*** Opening of Records ***
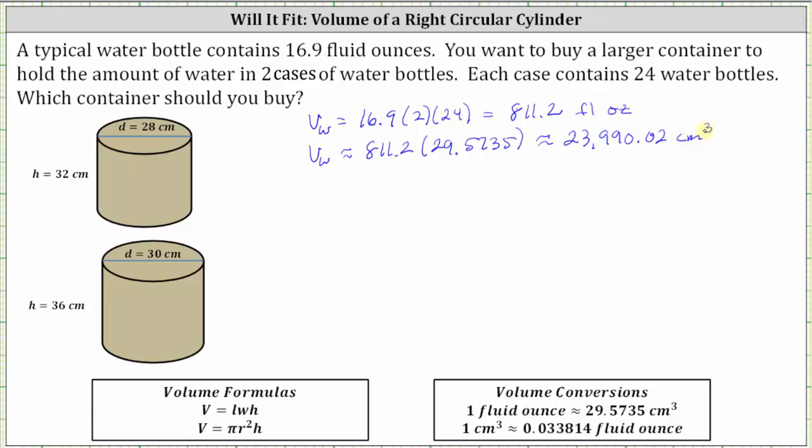Now I'll determine the volume of the right circular cylinders in cubic centimeters and see if one of the containers has a volume equal to or larger than the volume of the water. The volume for a right circular cylinder is pi r squared h, where pi r squared is the area of the base and h is the height.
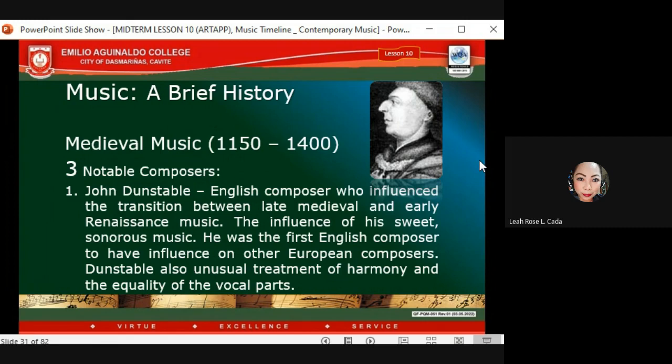Characteristics of medieval music include: monophonic in texture, church modes with tonality, chanting rhythm or repetitive quality, large vocal works with polyphonic harmony, small vocal works with plain chant, and instrumental pieces for dances.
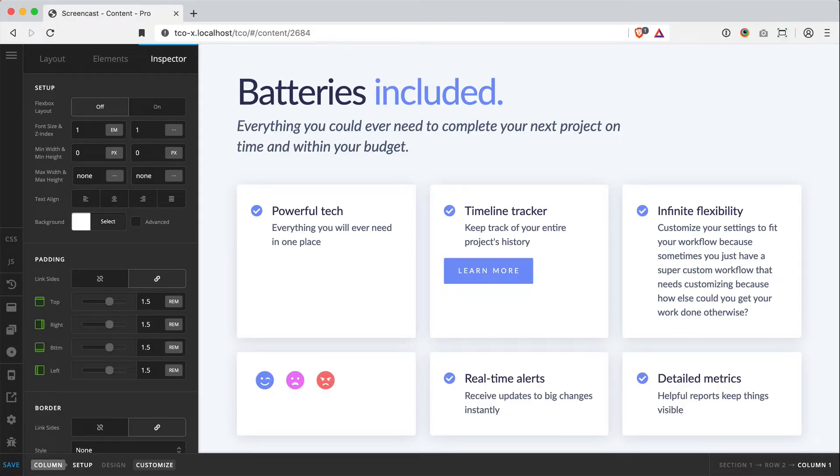Hey everybody, how's it going? Corey here from ThemeCo with a quick video discussing some of the Flexbox features of our new column element.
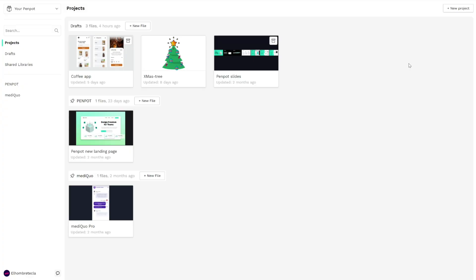Hello and welcome to a new video of Penpot, the open source design and prototyping tool for the whole team. Today's video is about the dashboard interface where you can manage all the files and projects you will work in Penpot.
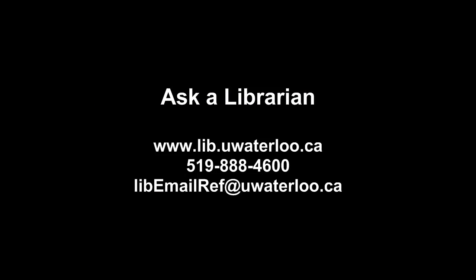Watch the next video in this series for information on how to refine your search results in a database. And if you have any questions about a database or about this video, ask a librarian. We're happy to help.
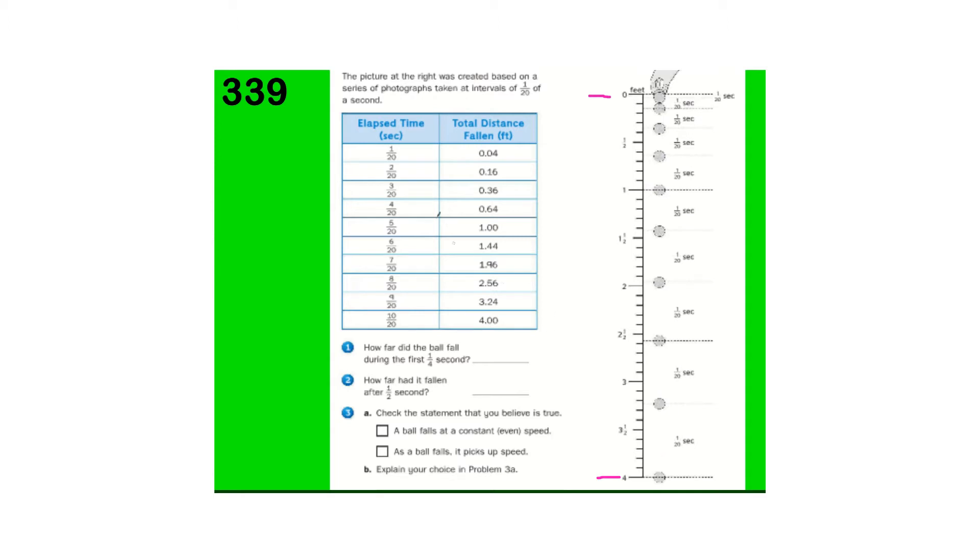So, they have the elapsed time here in seconds, 1/20th of a second. This is how far the ball dropped. So, half of a second, it dropped four feet.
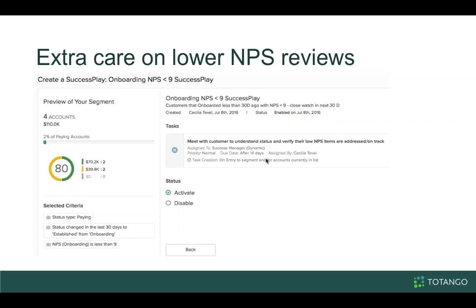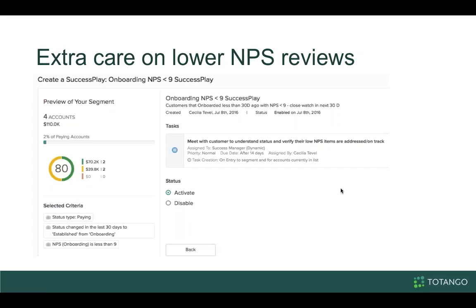Another thing you can do is some sort of surveying — it doesn't have to be a super formal process, it can simply be an email where you ask for feedback from a customer. Once you get a score, you can take extra care on scores below a satisfactory threshold, maybe below nine. This success play looks at customers that have onboarded less than 30 days ago and given an NPS score less than nine, tasking the CSM to watch them closely for the next few days to give extra attention and improve the score.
*** Close of Records ***
» **What to do**:
Reproduce the records above from their first line to the line bearing "Characteristics of medieval", both ends included, leaving every picture out.

» **Output**:
Now I'll determine the volume of the right circular cylinders in cubic centimeters and see if one of the containers has a volume equal to or larger than the volume of the water. The volume for a right circular cylinder is pi r squared h, where pi r squared is the area of the base and h is the height.
Characteristics of medieval music include: monophonic in texture, church modes with tonality, chanting rhythm or repetitive quality, large vocal works with polyphonic harmony, small vocal works with plain chant, and instrumental pieces for dances.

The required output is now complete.